____ SUPPLIED MATERIAL
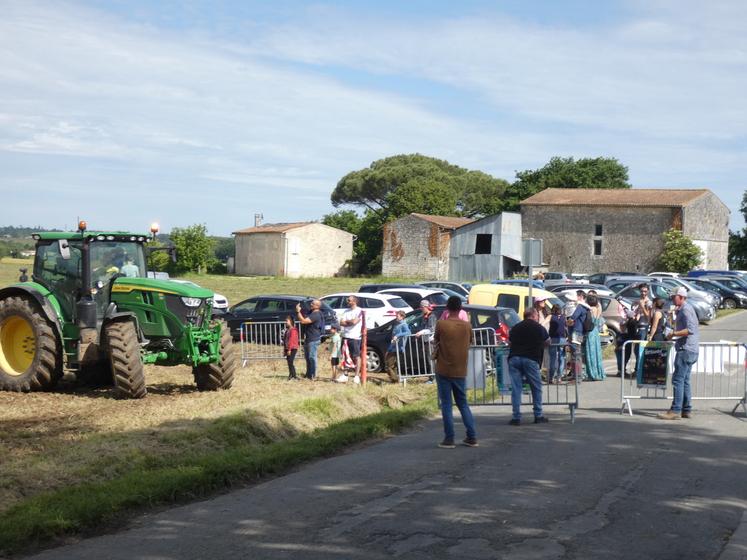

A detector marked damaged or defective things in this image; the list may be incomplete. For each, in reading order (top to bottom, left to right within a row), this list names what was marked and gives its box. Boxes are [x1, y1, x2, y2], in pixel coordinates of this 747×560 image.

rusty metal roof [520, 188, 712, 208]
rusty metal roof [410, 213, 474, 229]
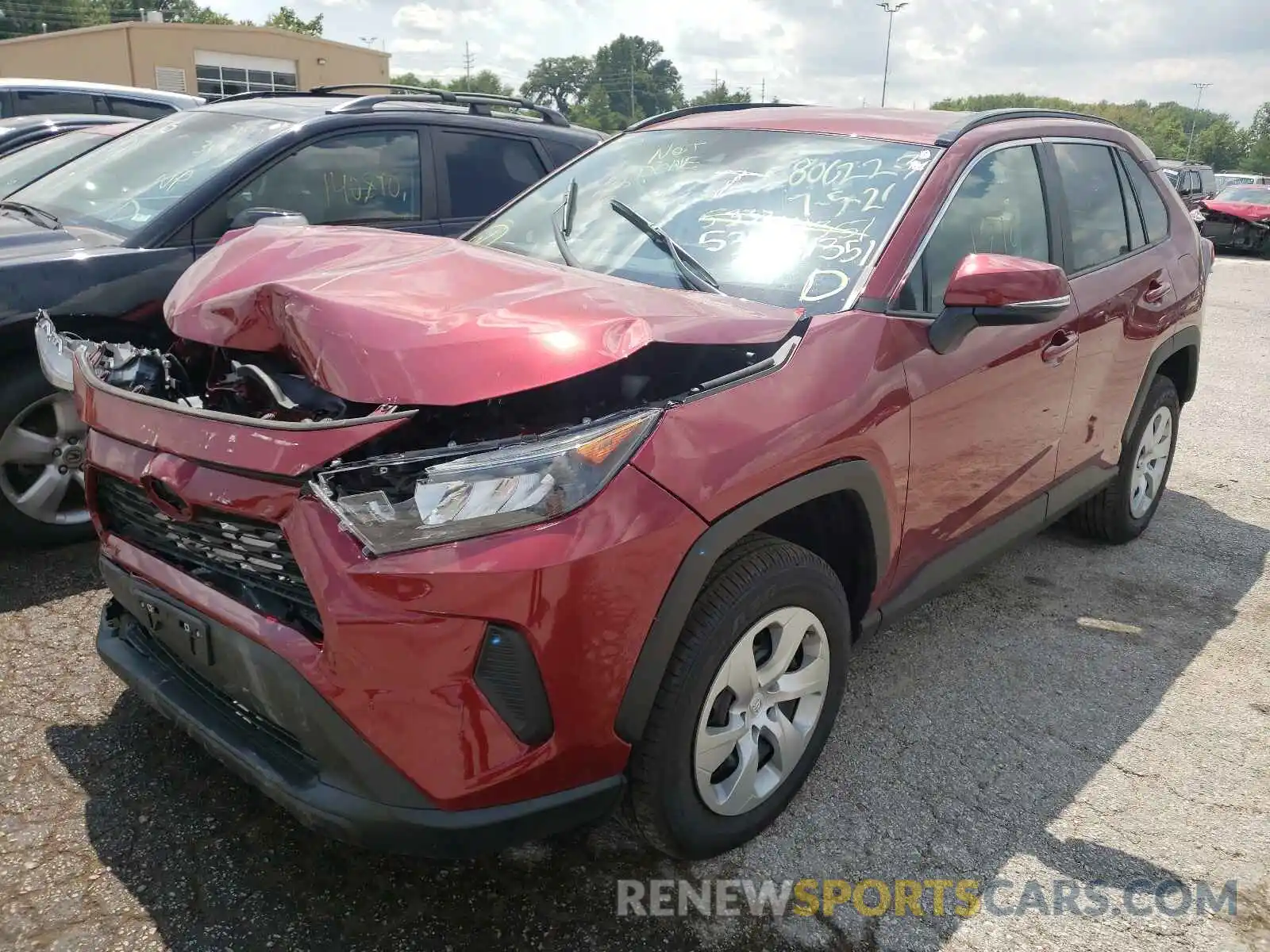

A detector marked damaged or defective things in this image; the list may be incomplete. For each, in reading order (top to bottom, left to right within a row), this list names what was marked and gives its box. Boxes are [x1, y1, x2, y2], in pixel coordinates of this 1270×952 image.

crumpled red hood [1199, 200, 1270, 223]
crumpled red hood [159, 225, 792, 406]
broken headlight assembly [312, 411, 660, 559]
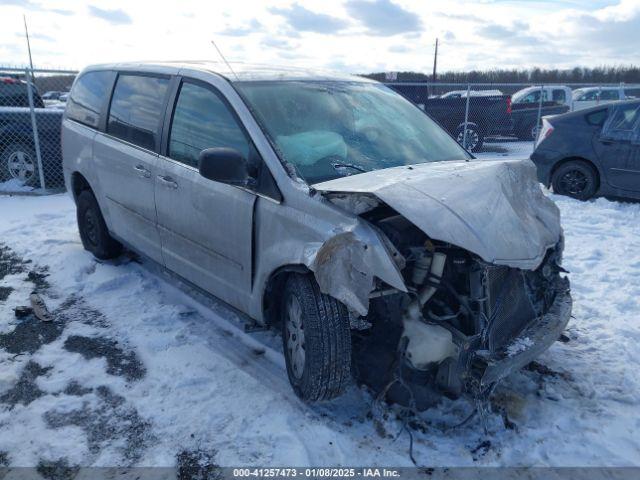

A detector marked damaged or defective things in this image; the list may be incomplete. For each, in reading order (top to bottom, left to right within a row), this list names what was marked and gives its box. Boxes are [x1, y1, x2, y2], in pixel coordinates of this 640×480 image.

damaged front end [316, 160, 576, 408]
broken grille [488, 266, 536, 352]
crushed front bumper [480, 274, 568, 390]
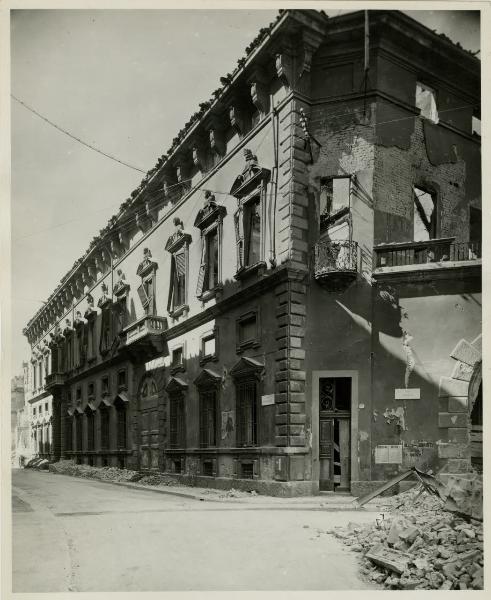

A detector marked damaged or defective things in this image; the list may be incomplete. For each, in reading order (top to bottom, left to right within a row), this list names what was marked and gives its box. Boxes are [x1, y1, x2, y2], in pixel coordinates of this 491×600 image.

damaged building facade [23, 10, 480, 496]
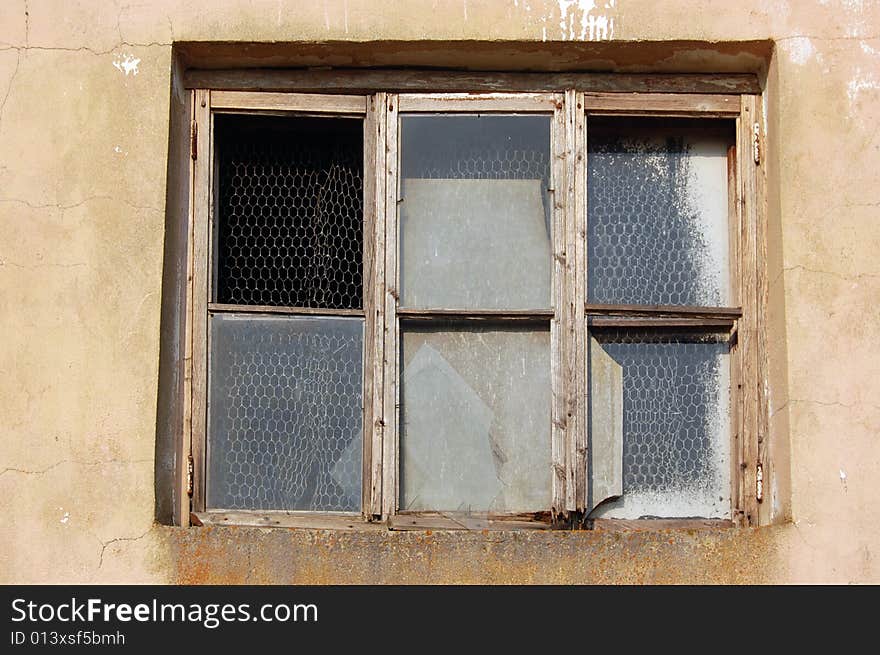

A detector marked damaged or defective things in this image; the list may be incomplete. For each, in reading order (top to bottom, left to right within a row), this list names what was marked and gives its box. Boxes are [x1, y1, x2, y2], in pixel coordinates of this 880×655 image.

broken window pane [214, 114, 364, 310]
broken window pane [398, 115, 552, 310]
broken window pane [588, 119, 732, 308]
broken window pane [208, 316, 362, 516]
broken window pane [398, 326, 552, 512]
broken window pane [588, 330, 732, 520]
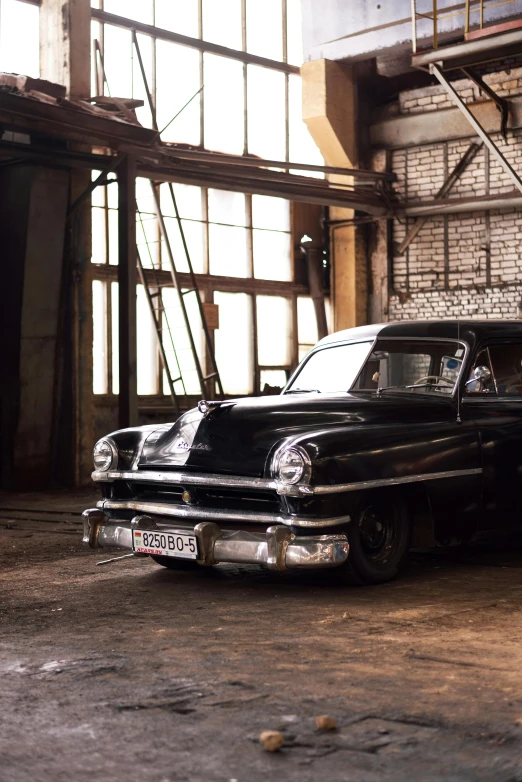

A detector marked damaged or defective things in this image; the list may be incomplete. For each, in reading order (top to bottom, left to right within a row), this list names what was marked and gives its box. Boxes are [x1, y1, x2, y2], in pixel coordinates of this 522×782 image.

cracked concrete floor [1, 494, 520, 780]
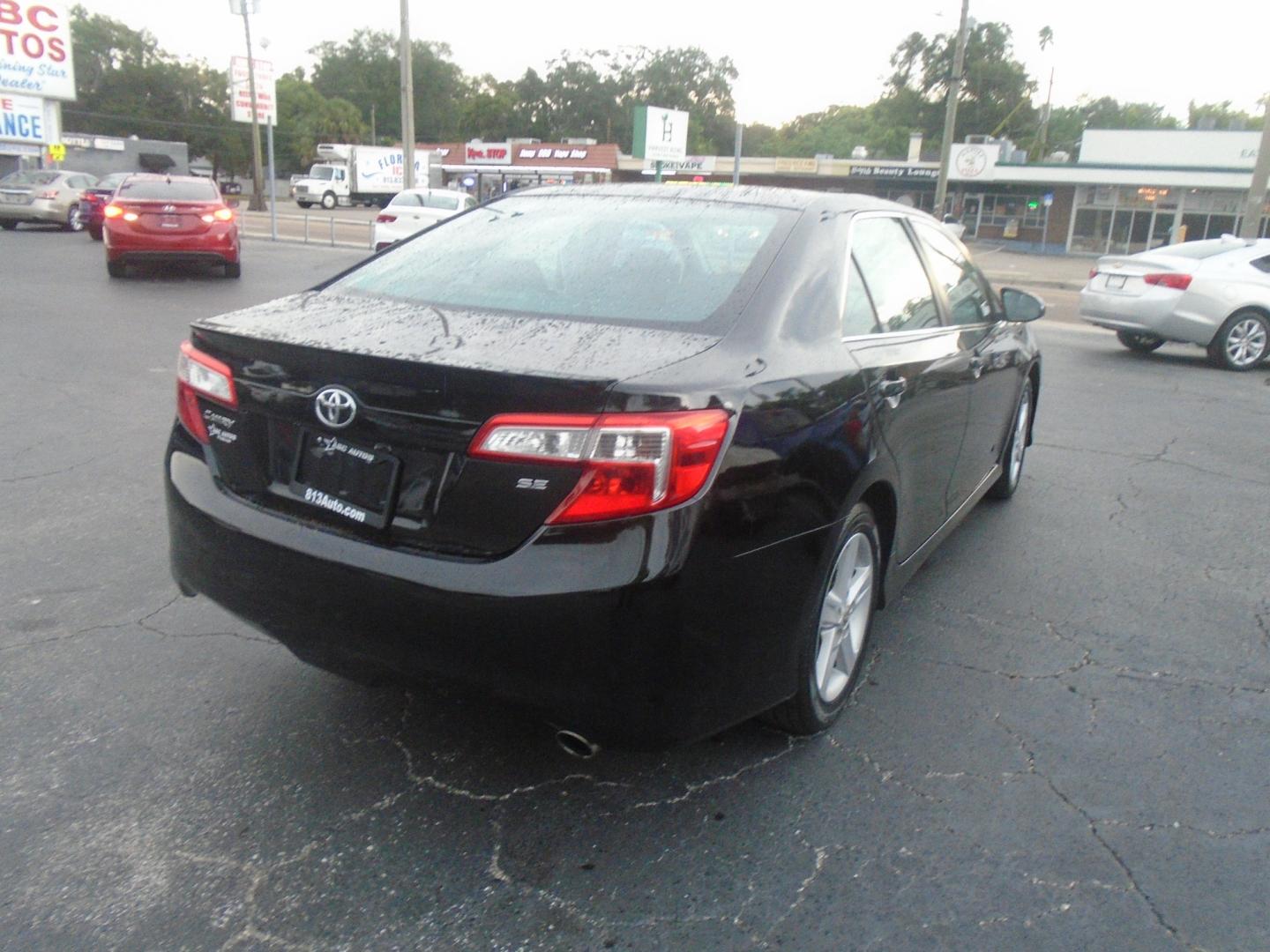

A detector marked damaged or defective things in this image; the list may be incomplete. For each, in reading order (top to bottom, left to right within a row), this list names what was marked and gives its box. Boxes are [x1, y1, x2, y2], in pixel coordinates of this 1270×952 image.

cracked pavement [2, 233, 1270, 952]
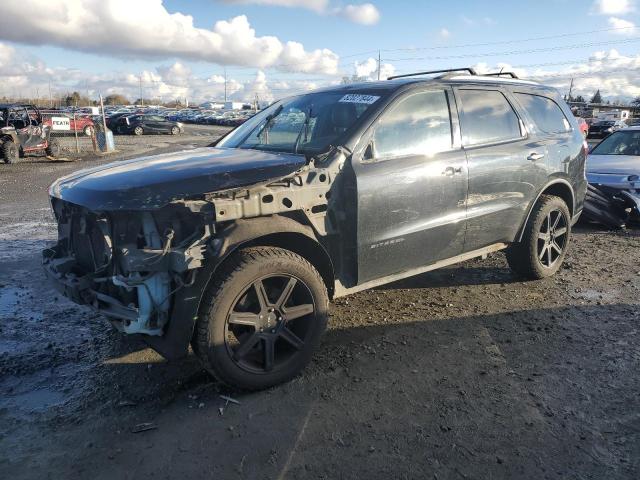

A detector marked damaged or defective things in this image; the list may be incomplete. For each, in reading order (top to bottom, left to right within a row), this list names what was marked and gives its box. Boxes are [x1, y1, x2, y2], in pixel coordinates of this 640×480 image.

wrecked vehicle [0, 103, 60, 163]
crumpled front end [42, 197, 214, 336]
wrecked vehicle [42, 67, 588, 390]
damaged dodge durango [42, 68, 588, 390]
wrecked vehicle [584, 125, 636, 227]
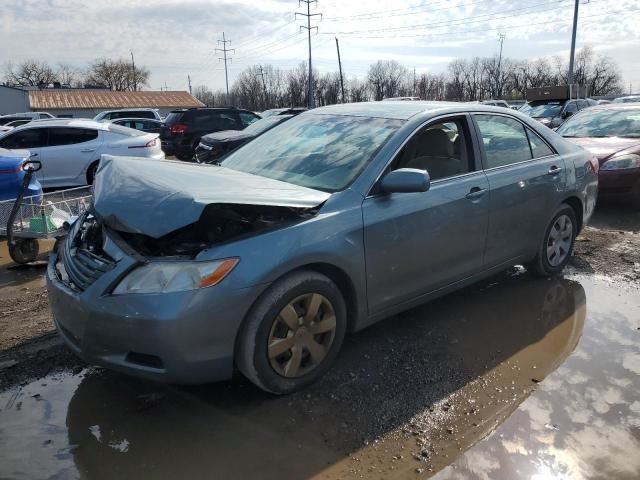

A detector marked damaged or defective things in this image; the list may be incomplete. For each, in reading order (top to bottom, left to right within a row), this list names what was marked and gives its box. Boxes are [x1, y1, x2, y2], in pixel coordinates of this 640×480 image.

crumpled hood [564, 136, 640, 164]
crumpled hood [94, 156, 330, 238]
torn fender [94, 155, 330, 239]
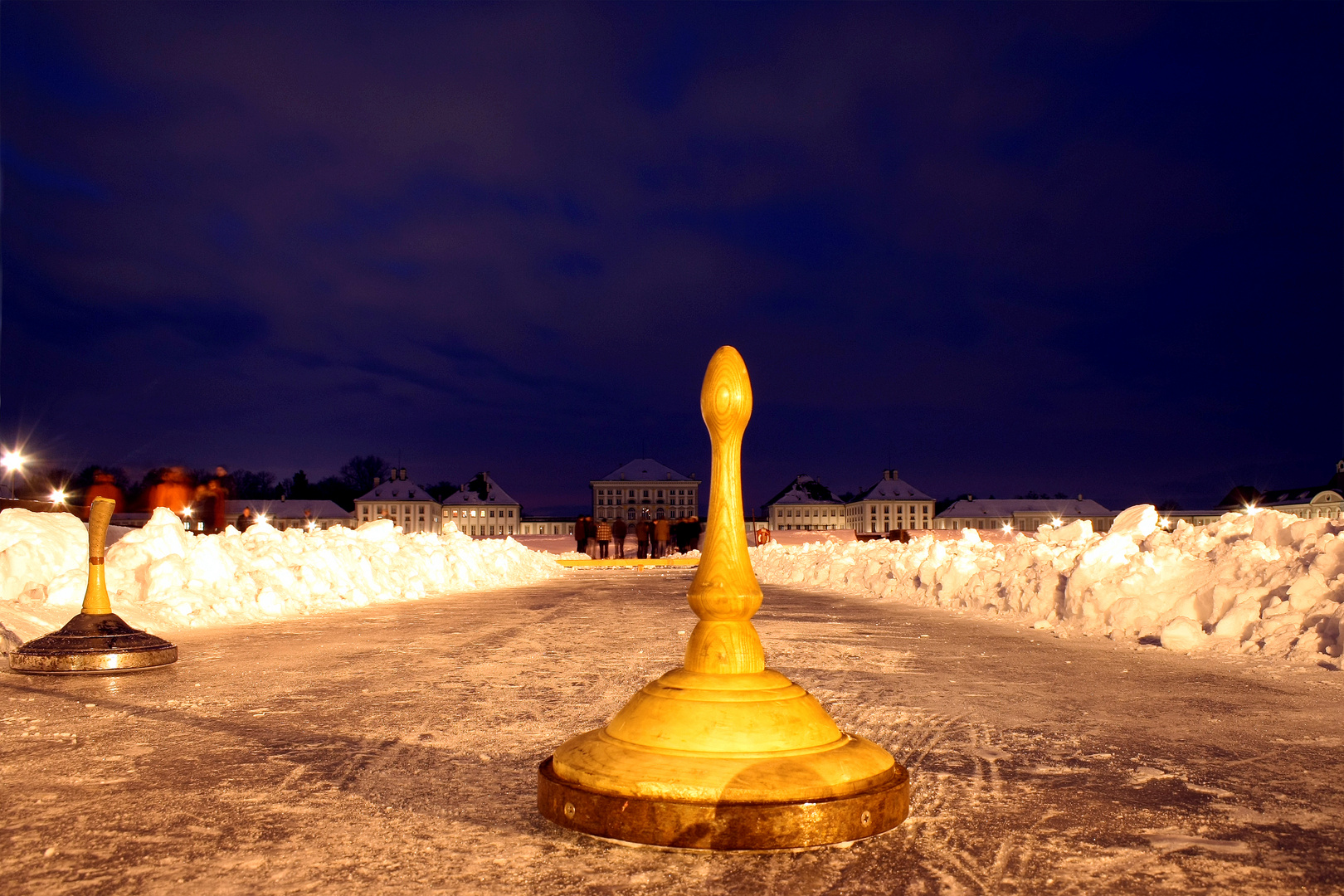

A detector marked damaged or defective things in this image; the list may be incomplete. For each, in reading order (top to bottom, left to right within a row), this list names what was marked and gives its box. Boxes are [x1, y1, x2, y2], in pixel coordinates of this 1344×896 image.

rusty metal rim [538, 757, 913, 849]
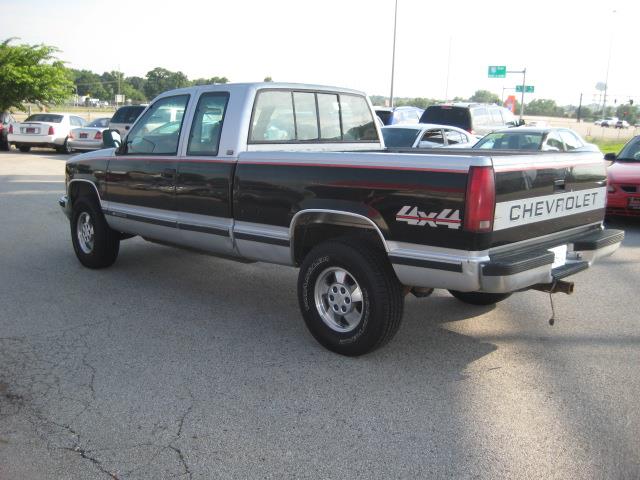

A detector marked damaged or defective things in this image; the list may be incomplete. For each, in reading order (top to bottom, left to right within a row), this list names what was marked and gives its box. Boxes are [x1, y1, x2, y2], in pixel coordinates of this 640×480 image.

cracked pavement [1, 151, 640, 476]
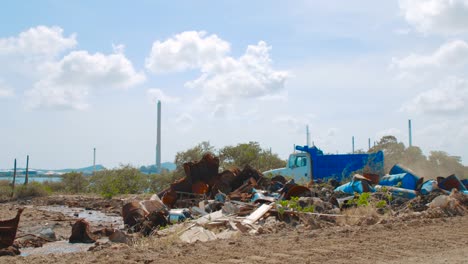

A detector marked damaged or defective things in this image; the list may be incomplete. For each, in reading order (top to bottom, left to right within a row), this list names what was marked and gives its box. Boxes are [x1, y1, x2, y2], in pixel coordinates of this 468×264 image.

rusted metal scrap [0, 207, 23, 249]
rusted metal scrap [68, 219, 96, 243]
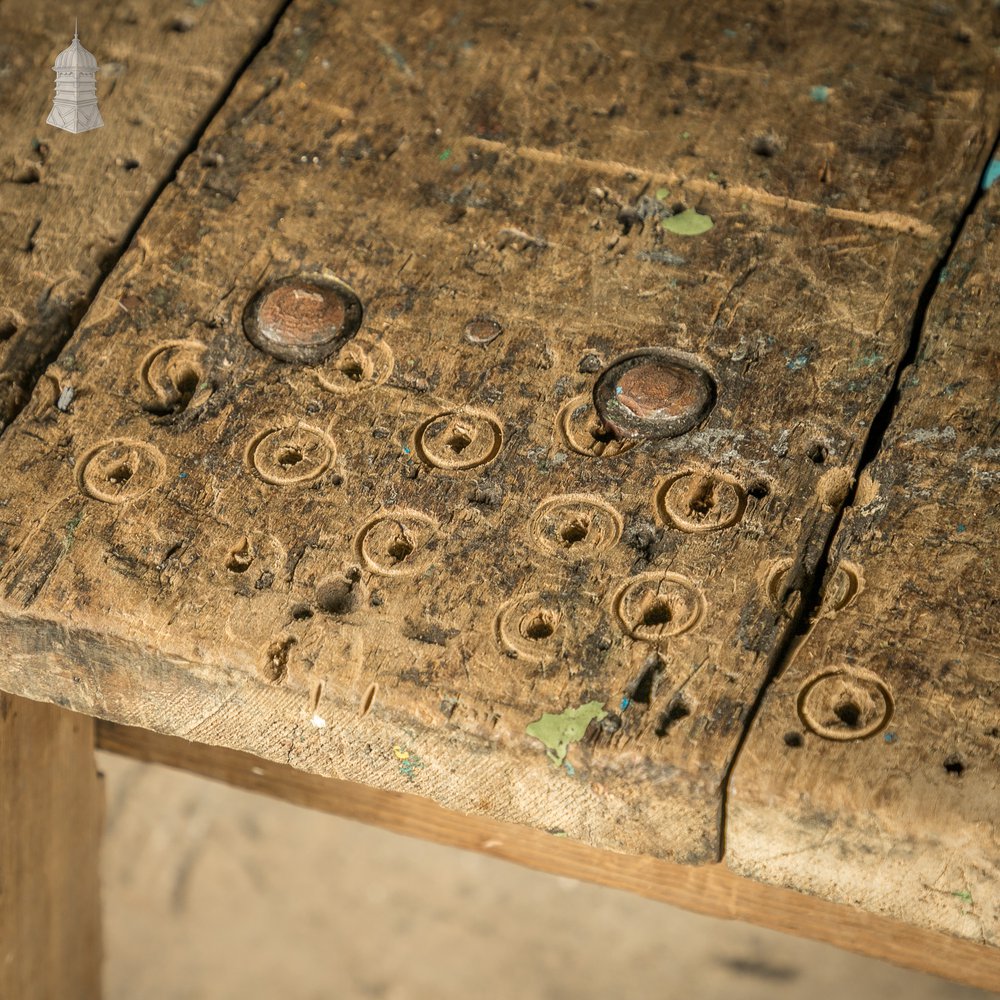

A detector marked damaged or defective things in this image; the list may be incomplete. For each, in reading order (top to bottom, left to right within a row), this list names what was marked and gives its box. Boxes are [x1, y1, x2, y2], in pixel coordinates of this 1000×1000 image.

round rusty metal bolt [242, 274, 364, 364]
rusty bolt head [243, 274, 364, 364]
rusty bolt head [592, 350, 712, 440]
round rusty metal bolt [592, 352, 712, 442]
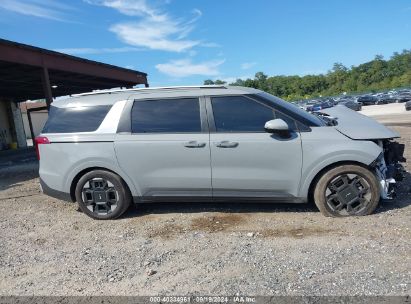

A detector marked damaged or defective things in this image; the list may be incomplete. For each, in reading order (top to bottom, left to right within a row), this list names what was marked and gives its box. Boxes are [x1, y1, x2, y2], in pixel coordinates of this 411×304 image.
________
Excluding all pictures, print exactly and only the lines from the line with "this 1000×1000 image." through the end of the records above, both ends included.

A detector marked damaged or defective things in this image; the list may be incomplete. For each, in reading order (top to bottom, left to right within a row), this list names what was marked and gives its box. Boxes are [x1, y1, x2, y2], in pixel coordinates of this 1000×1000 image.

round rusty metal bolt [242, 274, 364, 364]
rusty bolt head [243, 274, 364, 364]
rusty bolt head [592, 350, 712, 440]
round rusty metal bolt [592, 352, 712, 442]

A detector marked damaged or defective things in this image; the list may be incomplete. For each, in reading order (top to bottom, left to right within a row), this list names what was marked and gives its box. Boxes are [x1, y1, x2, y2], in pixel coordinates of this 411×304 image.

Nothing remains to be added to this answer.